Pieschl: (O-Ton): "Man muss sagen, okay, es führt nicht dazu, dass das weniger vorkommt, also das Verhalten ändert sich so schnell nicht. Aber so das Wissen über Handlungsstrategien, das ändert sich schon. Das heißt, die wissen dann wirklich mehr darüber, dass sie beispielsweise bei einem Anbieter das auch melden können. Und denen ist bewusster, dass das auch wirklich für die Opfer was Schlimmes ist. Und das ist immerhin ein Anfang."

Sprecher: Wahrscheinlich müssten solche Programme viel länger sein. Und natürlich sollten sie auch auf das Schulmobbing zielen, das mit dem Cybermobbing eng zusammenhängt. Manche Leute empfehlen eine vermeintlich viel einfachere Lösung. Catarina Katzer bekommt sie oft zu hören.

Katzer (O-Ton): "Und wenn man da mal aggressiv angemacht wird, man kann doch einfach aus so einem Chatroom rausgehen. Das ist doch gar nicht so schlimm, dann schaltet man den Computer einfach ab."

Sprecher: Doch dann werden die Schüler erst recht gemobbt – im echten Leben.

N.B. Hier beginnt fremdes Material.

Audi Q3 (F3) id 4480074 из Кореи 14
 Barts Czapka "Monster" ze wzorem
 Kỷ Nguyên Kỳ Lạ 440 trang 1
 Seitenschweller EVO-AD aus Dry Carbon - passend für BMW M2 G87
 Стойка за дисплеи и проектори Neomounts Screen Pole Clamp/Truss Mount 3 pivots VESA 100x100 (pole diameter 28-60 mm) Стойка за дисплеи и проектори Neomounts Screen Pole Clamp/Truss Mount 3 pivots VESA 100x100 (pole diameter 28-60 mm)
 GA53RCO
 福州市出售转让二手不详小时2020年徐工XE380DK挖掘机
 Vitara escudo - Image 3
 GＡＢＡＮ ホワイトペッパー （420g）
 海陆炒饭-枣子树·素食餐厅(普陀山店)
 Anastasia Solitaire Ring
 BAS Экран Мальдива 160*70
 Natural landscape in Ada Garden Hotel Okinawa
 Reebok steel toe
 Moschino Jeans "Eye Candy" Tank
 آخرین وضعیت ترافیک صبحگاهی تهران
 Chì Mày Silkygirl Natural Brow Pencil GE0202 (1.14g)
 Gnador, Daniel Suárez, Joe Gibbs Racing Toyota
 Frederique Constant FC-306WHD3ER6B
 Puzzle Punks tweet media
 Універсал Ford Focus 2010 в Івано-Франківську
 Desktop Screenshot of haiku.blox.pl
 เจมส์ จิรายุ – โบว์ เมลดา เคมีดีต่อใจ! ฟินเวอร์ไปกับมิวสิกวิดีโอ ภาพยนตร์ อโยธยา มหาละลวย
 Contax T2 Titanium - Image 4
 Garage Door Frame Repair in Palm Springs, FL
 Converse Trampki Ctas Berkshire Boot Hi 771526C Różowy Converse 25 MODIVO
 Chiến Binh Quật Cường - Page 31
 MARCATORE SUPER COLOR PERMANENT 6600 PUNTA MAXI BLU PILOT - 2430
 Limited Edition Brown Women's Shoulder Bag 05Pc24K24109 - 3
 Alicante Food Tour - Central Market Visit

Katzer (O-Ton): "Man muss kapieren, dass das einfach nicht funktioniert. Weil gerade Jugendliche müssen in bestimmten Chatrooms sein und auch in den bestimmten sozialen Netzwerken, müssen eine gewisse Buddy-List, also eine gewisse Anzahl von Freunden haben, um einfach In zu sein. Sonst sind sie Outsider auch in der Schule, dann sagt man: Du bist ja nicht in SchülerVZ, ja wer bist du denn schon, du Null, du gehörst gar nicht dazu."


Quelle:

Paulus, J.: Mobbing im Internet – Verfolgt im Cyberspace. Viele Jugendliche werden im Internet gemobbt – oder mobben selbst. Manuskript zum gleichnamigen Radiobeitrag.


Arbeitsaufträge:

  1. Lies Dir das Transkript zur Radiosendung sofgfältig durch und bearbeite folgende Fragen:
  2. Welche Erfahrungen mit Mobbing schildert die Berufsschülerin Doygu? Hast Du oder hat jemand in Deinem Freundeskreis ähnliche Erfahrungen gemacht?
  3. Welche Ergebnisse hat die Untersuchung der Psychologin Stephanie Pieschl von der Universität Münster ergeben?
  4. Welche Informationen zum Thema Cybermobbing findest Du im Text (s. insbesondere die Beiträge von Catharina Katzer)?
  5. Werden Strategien bzw. Handlungsmöglichkeiten genannt, wie man sich vor Mobbing/ Cybermobbing schützen kann? Wenn ja, welche sind das?